Robinson was a former Alabama State College professor and Civil Rights activist who leveraged her positions, as well as her political and personal connections, to transform American race relations when she helped launch the non-violent direct action phase of the Civil Rights movement.
“I am extremely gratified that the Board of Trustees saw fit to rename this historic facility in honor of one of the university’s most iconic figures,” said ASU President, Dr. Quinton T. Ross, Jr. “Jo Ann Robinson was one of the catalysts behind the Montgomery Bus Boycott and is representative of the many faculty and staff members who were instrumental in bringing about one of the most impactful periods in the history of Civil Rights in the United States.”
Robinson was an executive board member of the Montgomery Improvement Association (MIA), and she sat on the MIA Negotiation Team with the Rev. Martin Luther King, Jr., as they attempted to end the boycott through discussions with the city of Montgomery and the National City Bus Lines.
Ultimately, Robinson helped to initiate a boycott that solidified the Black community, catapulted the Rev.

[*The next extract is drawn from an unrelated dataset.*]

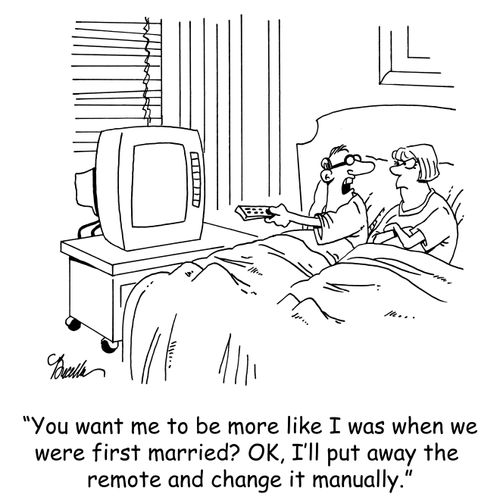 'You want me to be more like I was when we were first married? OK, I'll put away the remote and change it manually.'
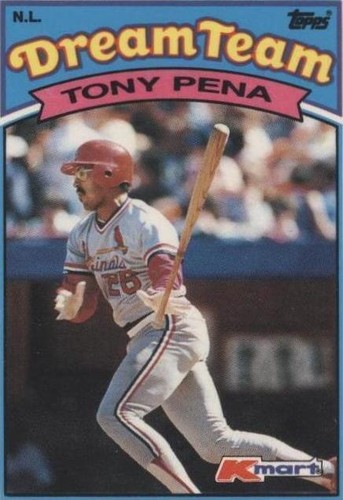 1989 Topps Kmart Dream Team - Tony Pena #30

King, Jr. onto the national stage, and ushered in a new and dramatic phase in African-American’s long struggle for civil rights.
As a popular professor at ASU, Robinson was also deeply involved in Montgomery’s African-American community. She assumed the presidency of the Women’s Political Council (WPC) from ASU Professor Mary Fair Burks in 1950. Under her leadership, the organization continued to host mock elections for Montgomery’s African-American high school students in a program held at ASU called Youth City.
On several different occasions, Robinson was accompanied by other WPC members as they appeared before the Montgomery City Commission to complain about the lack of recreational outlets for Black children and the need for Black police officers. They also drew attention to the poor treatment endured by Black bus riders using municipal transportation. Although the women saw some movement in response to their requests, they resolved to place more pressure on the city.
The Board’s action to change the name of the residence hall follows its decision almost exactly one year ago to rename the building that for decades had carried the name of a former Ku Klux Klan leader.
“I want to thank Dr. Janice Franklin, Dr. Howard Robinson and the committee members who researched the history of all of the names on buildings and streets on this campus,” Ross said. “Our goal was to identify any names with segregationist ties and find opportunities to honor those who fought so valiantly for civil and human rights. Bibb Graves Hall was one of the buildings that I felt should be renamed as soon as possible.”
The university plans to have a dedication ceremony for Jo Ann Robinson Hall at a later date.